Une renommée internationale
Un développement éclair, une niche de talents, de quoi attirer des recruteurs du monde entier. Pour exemple, Brayan Gómez et Anlly Tabares, tous deux évoluant à l’Atlético Nacional de Medellín, qui se sont vu offrir un voyage à Porto après avoir été élus meilleurs joueurs de l’édition 2013. Ainsi, d’autres « pibes » ont commencé à débarquer depuis l’étranger, comme le raconte Maturana. « En 1991, le Pony Futbol a reçu pour la première fois de son histoire une équipe internationale. Elle venait de l’école San Francisco de Quito, en Équateur. C’était une exception, il a ensuite fallu attendre quelques années supplémentaires pour voir l’internationalisation du tournoi. » 2010, et l’arrivée d’une nouvelle équipe équatorienne accompagnée d’une autre en provenance des États-Unis. L’année suivante verra même pour la première fois de l’histoire du Pony Futbol triompher une équipe non-colombienne au profit d’une sélection brésilienne, suivi d’une formation… équatorienne en 2012.

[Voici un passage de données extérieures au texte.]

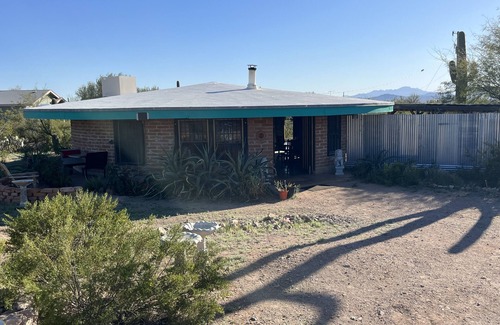 Tucson Estates House | Elegant magical rustic round house by Saguaro National Park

Un scénario auquel ne veut même pas penser Francisco Maturana cette nuit pour son Atlético Nacional en vue de la finale retour de la Copa Libertadores. « Honnêtement, je ne sais pas si je vais me rendre au stade. J’ai une invitation, comme tous les protagonistes du titre de 1989, mais je me demande si c’est une bonne chose que l’on se mette en avant devant ces jeunes qui sont justement pratiquement tous issus du Pony Futbol. Nous sommes conscients que nous avons marqué l’histoire, remporté la première et unique Copa Libertadores du club, mais je ne pense pas qu’il faille leur mettre la pression plus qu’ils ne l’ont déjà. Laissons-les écrire leur propre histoire, car je suis persuadé qu’ils vont le faire dans un stade qui va être plein, accompagnés d’une ambiance exceptionnelle. Je me trompe peut-être, certains pensent différemment, mais pour ma part, j’ai cette vision des choses. » Une belle vision des choses, Maestro.